:: Description of the task ::
Select, from the data, each line where "Mercedes" occurs.

:: Study material ::
Start of Block

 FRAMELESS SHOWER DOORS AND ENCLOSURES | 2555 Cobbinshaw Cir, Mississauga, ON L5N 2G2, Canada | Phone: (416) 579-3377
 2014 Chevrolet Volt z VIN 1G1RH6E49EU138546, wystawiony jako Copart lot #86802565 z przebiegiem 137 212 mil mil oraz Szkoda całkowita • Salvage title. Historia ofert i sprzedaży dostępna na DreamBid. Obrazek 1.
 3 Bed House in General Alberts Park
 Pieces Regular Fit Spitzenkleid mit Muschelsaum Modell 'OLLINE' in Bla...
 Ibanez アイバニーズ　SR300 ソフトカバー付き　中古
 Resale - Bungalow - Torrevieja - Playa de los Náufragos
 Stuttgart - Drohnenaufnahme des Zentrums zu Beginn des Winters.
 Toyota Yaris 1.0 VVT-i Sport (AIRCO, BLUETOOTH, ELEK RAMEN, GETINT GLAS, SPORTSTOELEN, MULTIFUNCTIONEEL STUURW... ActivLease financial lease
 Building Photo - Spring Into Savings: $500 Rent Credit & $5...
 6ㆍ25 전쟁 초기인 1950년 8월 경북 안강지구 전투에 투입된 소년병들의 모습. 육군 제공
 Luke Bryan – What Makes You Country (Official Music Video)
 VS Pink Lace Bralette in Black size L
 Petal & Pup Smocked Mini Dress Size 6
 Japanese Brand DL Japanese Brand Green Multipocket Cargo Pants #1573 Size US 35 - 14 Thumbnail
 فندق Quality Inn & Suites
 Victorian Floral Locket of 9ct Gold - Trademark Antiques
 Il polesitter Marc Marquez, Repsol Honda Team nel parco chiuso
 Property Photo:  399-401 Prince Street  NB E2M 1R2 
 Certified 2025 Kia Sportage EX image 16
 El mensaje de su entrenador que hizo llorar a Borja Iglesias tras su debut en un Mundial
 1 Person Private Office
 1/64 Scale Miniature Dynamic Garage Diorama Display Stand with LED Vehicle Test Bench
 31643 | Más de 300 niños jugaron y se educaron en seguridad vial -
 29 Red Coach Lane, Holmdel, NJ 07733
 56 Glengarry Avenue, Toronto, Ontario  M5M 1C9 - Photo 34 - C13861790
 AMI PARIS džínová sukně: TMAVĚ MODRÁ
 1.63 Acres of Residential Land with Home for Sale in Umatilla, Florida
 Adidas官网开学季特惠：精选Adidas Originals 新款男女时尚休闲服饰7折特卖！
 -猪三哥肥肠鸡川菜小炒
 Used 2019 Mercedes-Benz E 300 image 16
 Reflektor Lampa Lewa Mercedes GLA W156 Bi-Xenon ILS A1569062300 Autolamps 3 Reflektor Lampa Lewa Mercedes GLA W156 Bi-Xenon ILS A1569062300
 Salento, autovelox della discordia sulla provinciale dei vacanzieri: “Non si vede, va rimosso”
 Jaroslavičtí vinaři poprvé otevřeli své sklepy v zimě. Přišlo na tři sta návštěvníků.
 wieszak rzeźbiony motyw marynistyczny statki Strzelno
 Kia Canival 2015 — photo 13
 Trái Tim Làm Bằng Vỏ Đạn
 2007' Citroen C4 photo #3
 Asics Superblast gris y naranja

End of Block

:: Response for this exercise ::
 Used 2019 Mercedes-Benz E 300 image 16
 Reflektor Lampa Lewa Mercedes GLA W156 Bi-Xenon ILS A1569062300 Autolamps 3 Reflektor Lampa Lewa Mercedes GLA W156 Bi-Xenon ILS A1569062300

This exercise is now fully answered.